**DATA SUPPLIED**:

===============

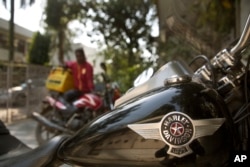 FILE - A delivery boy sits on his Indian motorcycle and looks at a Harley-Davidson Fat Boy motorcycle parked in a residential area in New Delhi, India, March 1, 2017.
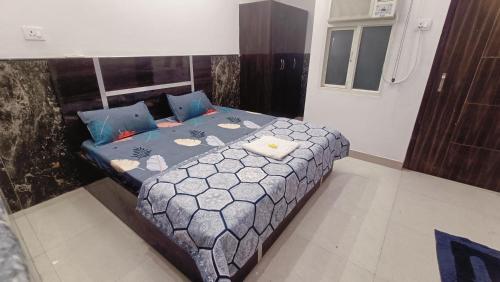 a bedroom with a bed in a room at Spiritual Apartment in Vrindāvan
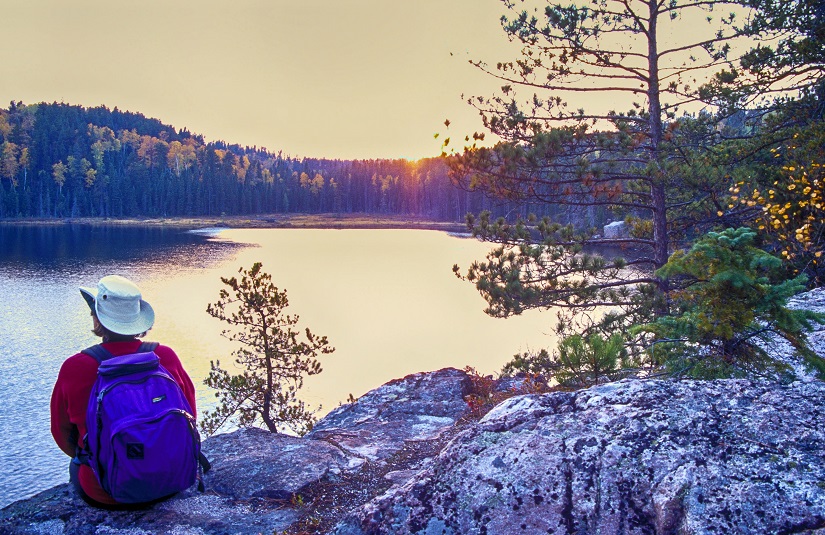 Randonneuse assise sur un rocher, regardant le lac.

===============

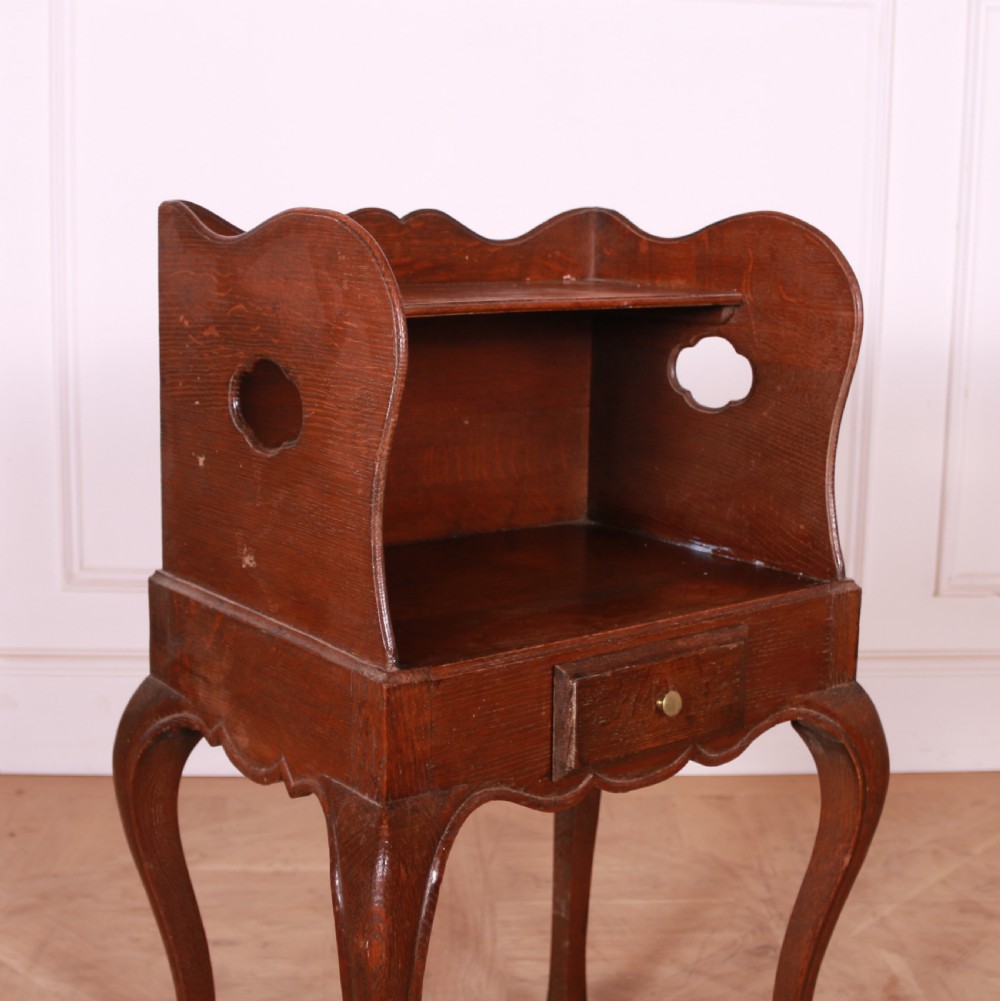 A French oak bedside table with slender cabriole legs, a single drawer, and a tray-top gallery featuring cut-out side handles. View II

===============

**TASK DESCRIPTION**: Range to print from the listing above: from the line with "a bedroom with" up to and including the line with "Randonneuse assise sur". Please print those lines exactly, with no pictures and nothing more.

**EXERCISE OUTPUT**:
 a bedroom with a bed in a room at Spiritual Apartment in Vrindāvan
 Randonneuse assise sur un rocher, regardant le lac.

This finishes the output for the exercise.